Funches definitely will help. He was the second leading scorer and leading rebounder on MRA’s ninth grade team last season and also played some on MRA’s varsity, which featured Mississippi Gatorade Player of the Year and Priority One Bank/Mississippi Scoreboard Metro Jackson Player of the Year Josh Hubbard, a rising senior and one of the top point guards in the country.
Funches was named to the first team Class of 2026 at the Southwest Elite Scouts, a national middle school combine, this past year.
Funches plays on the travel ball team, Nike Iso Joe, founded by former NBA All-Star Joe Johnson. Funches had 22 points, 10 rebounds and 7 blocked shots for Nike Iso Joe in the semifinals of the 16U Orange Division this weekend at the Best of the South in Atlanta. The event was seen by coaches from 200 colleges across the country. Kansas State offered after Funches’ performance.
“For the short time I have known Sam, he is a wonderful kid and has a great family that supports him,” said Love, who won one state championship and had two state runner-up finishes in his five years at Velma Jackson before coming to Germantown. “I think Sam has the ability to play this game for a long time if he continues to work. You don’t find many players his age with that size that can do the things he can do on the court. Sam is going to bring a lot to the team this year even though he is a freshman. We aren’t going to bring him along slowly. Mississippi high school basketball fans remember Jonathan Bender (of Picayune, who went straight to the NBA out of high school and was fifth pick overall in the 1999 NBA Draft. The 6-11 Bender played eight seasons in the NBA but was slowed by knee injuries and retired in 2010). Sam might compare to Jonathan in size and build.”

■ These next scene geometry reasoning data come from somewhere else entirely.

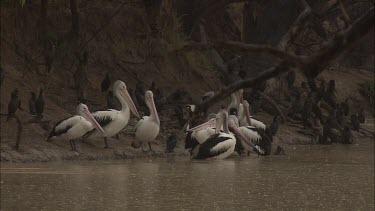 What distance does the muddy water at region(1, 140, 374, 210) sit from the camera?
33.5ft

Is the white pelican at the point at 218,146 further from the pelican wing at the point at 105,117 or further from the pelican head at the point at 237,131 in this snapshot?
the pelican wing at the point at 105,117

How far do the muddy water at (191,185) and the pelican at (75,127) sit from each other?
50cm

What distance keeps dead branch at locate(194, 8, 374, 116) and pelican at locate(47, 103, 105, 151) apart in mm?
11514

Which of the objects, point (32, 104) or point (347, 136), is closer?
point (32, 104)

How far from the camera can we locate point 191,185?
12000 millimetres

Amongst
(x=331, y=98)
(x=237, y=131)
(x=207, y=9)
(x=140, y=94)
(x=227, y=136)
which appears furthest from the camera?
(x=331, y=98)

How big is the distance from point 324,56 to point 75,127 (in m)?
11.9

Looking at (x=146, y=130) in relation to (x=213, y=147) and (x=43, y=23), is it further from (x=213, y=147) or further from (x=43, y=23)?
(x=43, y=23)

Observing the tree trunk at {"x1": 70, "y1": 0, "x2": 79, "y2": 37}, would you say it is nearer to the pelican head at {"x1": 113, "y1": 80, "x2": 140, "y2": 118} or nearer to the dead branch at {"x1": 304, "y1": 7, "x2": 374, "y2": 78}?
the pelican head at {"x1": 113, "y1": 80, "x2": 140, "y2": 118}

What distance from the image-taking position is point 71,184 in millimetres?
11633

Funches’ father, also named Sam, was an All-State player at long time MHSAA powerhouse Murrah in the 1990s. He was a freshman when All-American Othello Harrington was a senior at Murrah. The 6-8 Funches was rated as the ninth best power forward in the country and one of the top 50 players in the country as a senior. He signed with Connecticut and played there two years and then two years at North Texas, where he started all 26 games as a senior. Funches picked Connecticut over Georgetown, Ohio State and Arkansas, largely because Connecticut was the first to recruit him. Then associate head coach Howie Dickenman began writing letters to Funches when he was a sophomore.
Now, Funches is getting Division I offers at a much younger age than his dad.
Love inherits three returning starters from last year’s team, which finished 7-15 last season.
Love knows all about winning, first from his father, Lewis Love, who won 607 games, one state title and three runner-up finishes in his career at Amanda Elzy, Velma Jackson, Canton, and Pearl before retiring in 2003. Chris Love played for his dad at Canton High and won a state championship as a junior in 1997, finished runner-up as a sophomore in 1996 and reached the semifinals as a senior in 1998.
Love, a Canton High, Holmes Community College and Jackson State graduate, worked in the technology department at the Canton School District before becoming an assistant coach for four years at Canton High under Melvin Gillum and was head coach for three seasons at Canton. Then Love took over at Velma Jackson. He had an 80-30 record – a 72.7 winning percentage – in those five seasons.
His state championship team – his top six players were all underclassmen – finished 25-6 and won its last 19 games to capture the MHSAA Class 3A state title in 2019. He was 28-6 and lost to St. Andrew’s in the 3A state championship game in 2020. Love guided Velma Jackson to a 17-11 record and lost to Pine Grove for the 2A state title this past season.